Now that .NET has been around for a while, many developers have at least a basic understanding of role-based security and how to implement this for Windows and Web-based applications. Still, things can get confusing given so many design choices, particularly when you begin discussing multithreading and distributed architecture. In this article I’ll focus on features related to authentication, authorization and role-based security. I’ll summarize examples of best practices for implementing role-based security in some typical .NET application scenarios including rich clients, Web applications, and Web services, to give you a birds-eye view of your options. For each of these application architectures, I’ll also comment on the applicability of Windows-authentication versus custom or forms-based authentication models.

Let’s begin with a quick review some of the basic .NET authentication concepts.

Identity and Principal Objects: Just Who Are You Anyways?

Role-based security is built on the premise that users are authenticated, which is the process of identifying the user. Once identified, the user can be authorized or, assigned roles and permissions. Credentials like a username and password are usually provided to authenticate users, and this information is used to create a security principal representing this user’s identity at runtime. The .NET Framework object model includes built-in support to work with Windows, custom and even Microsoft Passport credentials.

Let’s assume that credentials have been collected from the user, and that a security principal has been created. To understand how this security principal is used by the runtime it is important to consider the relationship between the running process, the application domain, and the assemblies loaded within that application domain. In addition, we must consider how one or more logical threads of execution are handled. Figure 1, shows a single process with a Windows executable (WinClient.exe) hosted within an application domain. The main thread (t1) may start another thread (t2) to invoke a method in another DLL assembly (ServerLib.dll).

Figure 1

By default the process runs under the logged in user’s Windows identity, and this governs what resources can be accessed by any thread of execution within that process. If a method invoked by the execution context of t1 or t2 attempts to write to the file system, the process identity governs its privileges. Yet, each thread of execution can also be assigned an identity which governs how role-based security checks are evaluated at runtime. For example, ServerLib.dll can demand that the executing thread have an authenticated security principal within the BUILTIN\Administrators role for any methods that access the file system. This additional check can complement resource protection afforded by the Windows operating system’s checks against the process identity.
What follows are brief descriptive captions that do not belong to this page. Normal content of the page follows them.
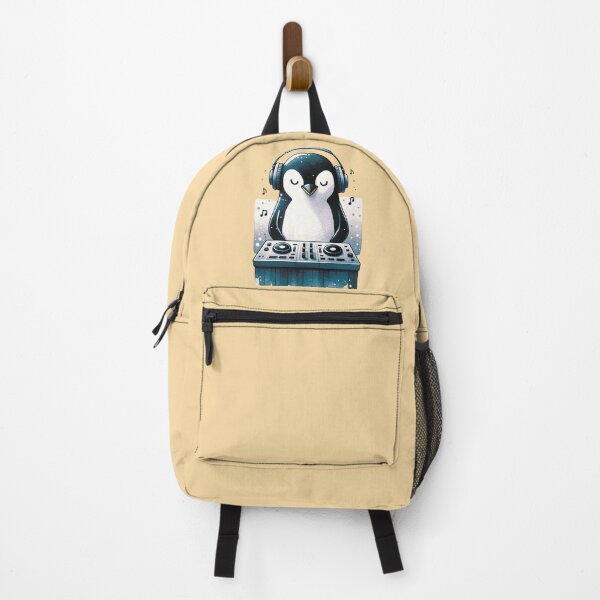 Item preview, DJ Penguin: Beats and Feathers designed and sold by MoxisWatercolor.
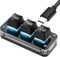 SinLoon Mini 3-Key Keyboard, Programmable Cut Copy Paste Keypads with LED Light, Mechanical Hot Swap Macro for Gaming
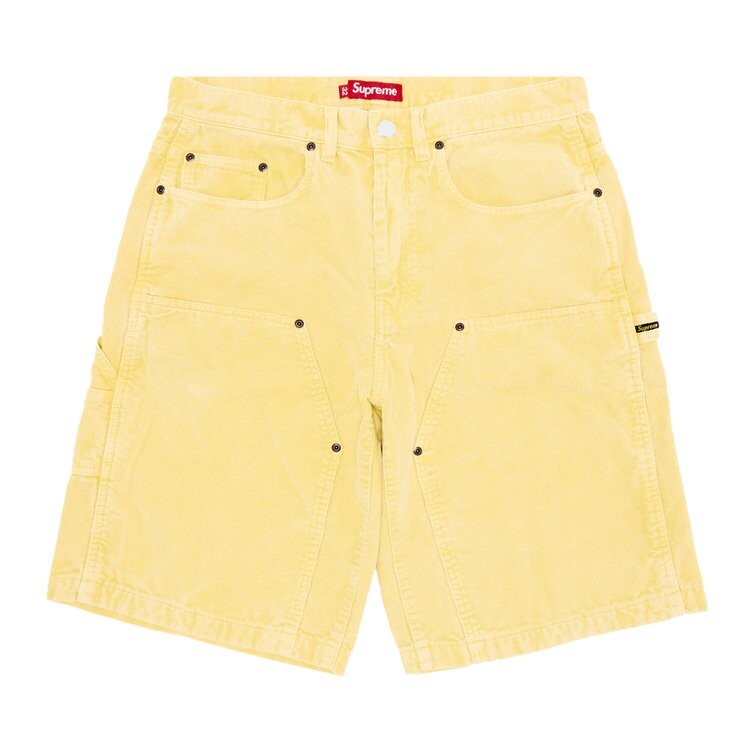 

Шорты Supreme Washed Corduroy Double Knee Painter Short, желтый
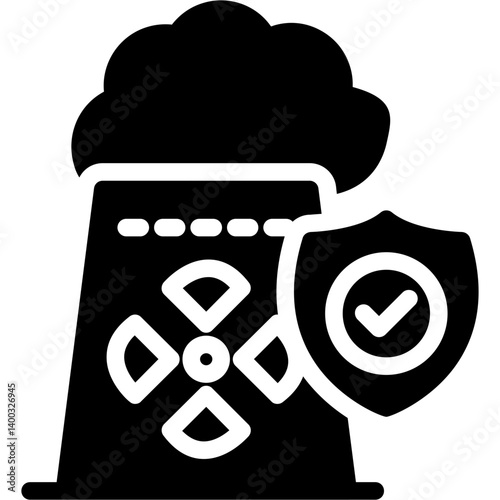 Nuclear Safety Glyph Icon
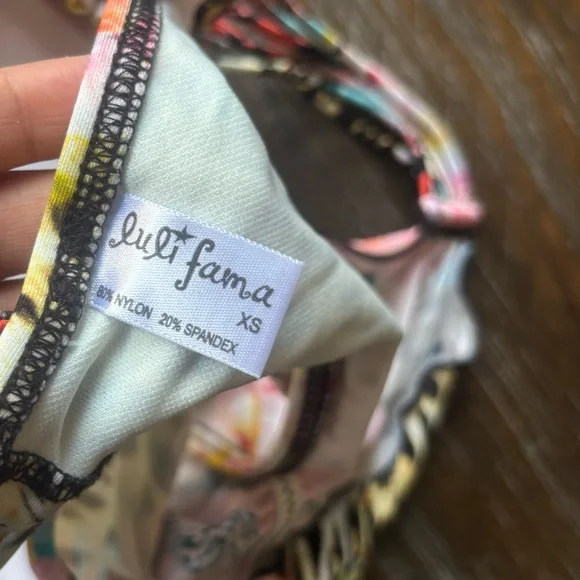 Luli Fama | Floral Leopard Bikini - Picture 5 of 5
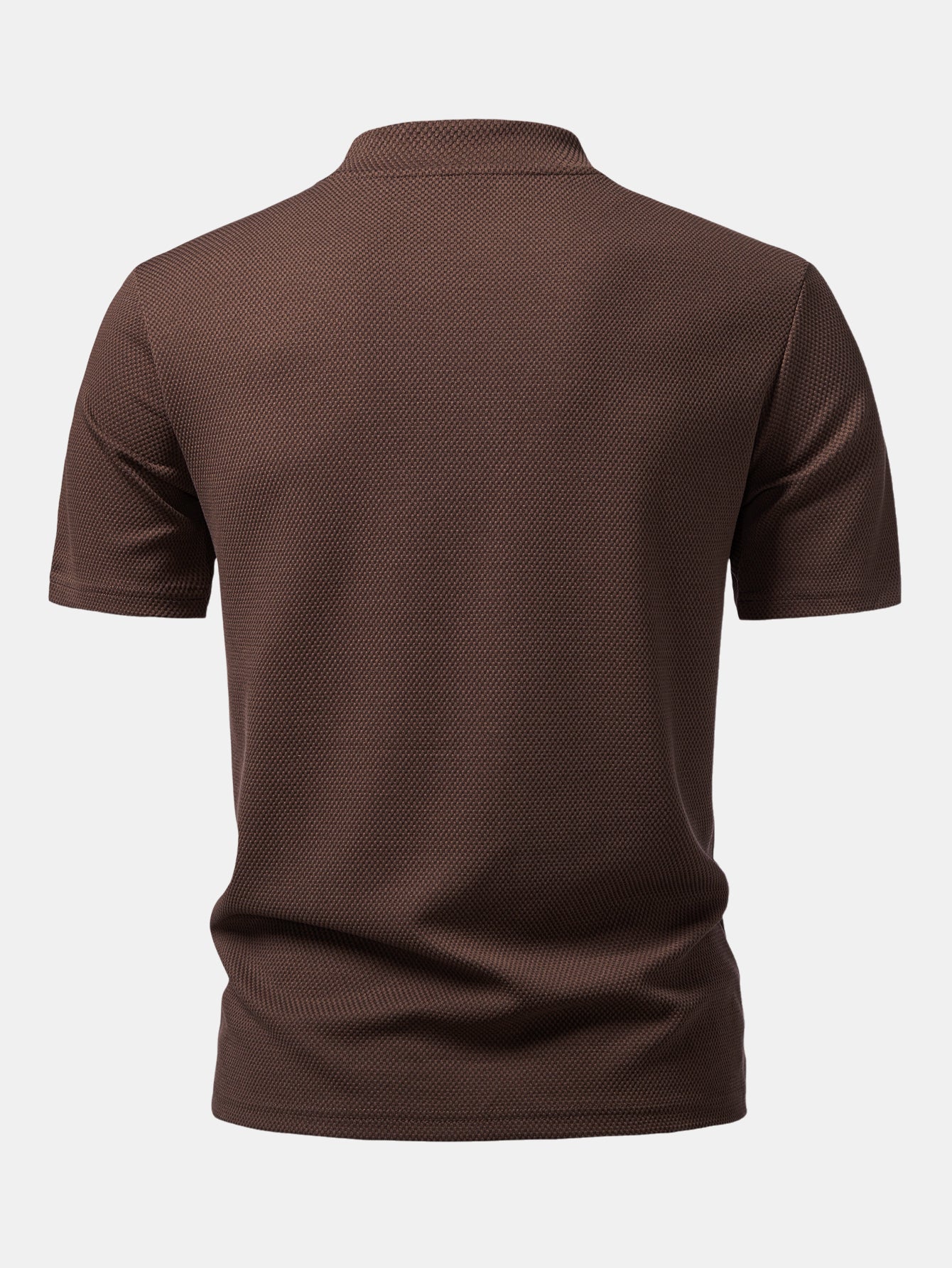 Textured Mock Neck T-Shirt - Image 2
The following is an example of a method that declaratively (using .NET attributes) demands the identity attached to the call context is within the BUILTIN\Administrators role:

<PrincipalPermission(SecurityAction.Demand,
   Role:="BUILTIN\Administrators")> _
Public Sub AdminOnlyMethod()
    'perform restricted actions
End Sub

For this demand to work the user must be authenticated, and its security principal attached to the executing thread. Later I’ll review how this authentication step is handled by different application architectures. For now, just know that each thread has access to its security principal through the CurrentPrincipal property. WindowsPrincipal and GenericPrincipal types, and any custom principals also implementing the IPrincipal interface, can be attached to a thread by setting this property. A WindowsPrincipal is used for Windows authentication schemes, and a GenericPrincipal for custom authentication schemes that don’t rely on the Windows domain. The IPrincipal interface provides a consistent way for security principals to expose information about a user’s identity and roles. This includes access to an identity object, represented at runtime by a valid IIdentity type for example a WindowsIdentity or GenericIdentity.

The point here is that the user is identified by an identity abstraction at runtime, and this identity must be somehow attached to each executing thread to be applicable during role-based security checks. Assuming the main thread has been assigned a valid security principal, any new thread will be initialized by the runtime with the same principal. That means you shouldn’t need to manually propagate this information to new threads within the same application domain.

NOTE: Crossing application domain, process and machine boundaries using .NET Remoting or Enterprise Services requires additional discussion and is covered in several resources recommended at the end of this article.

Throughout this article I’ll focus on how user’s are authenticated and subsequently authorized, how the process identity is assigned its Windows identity, how (and why) to override this with impersonation, and how to apply role-based security with thread identities that are propagated throughout the execution context.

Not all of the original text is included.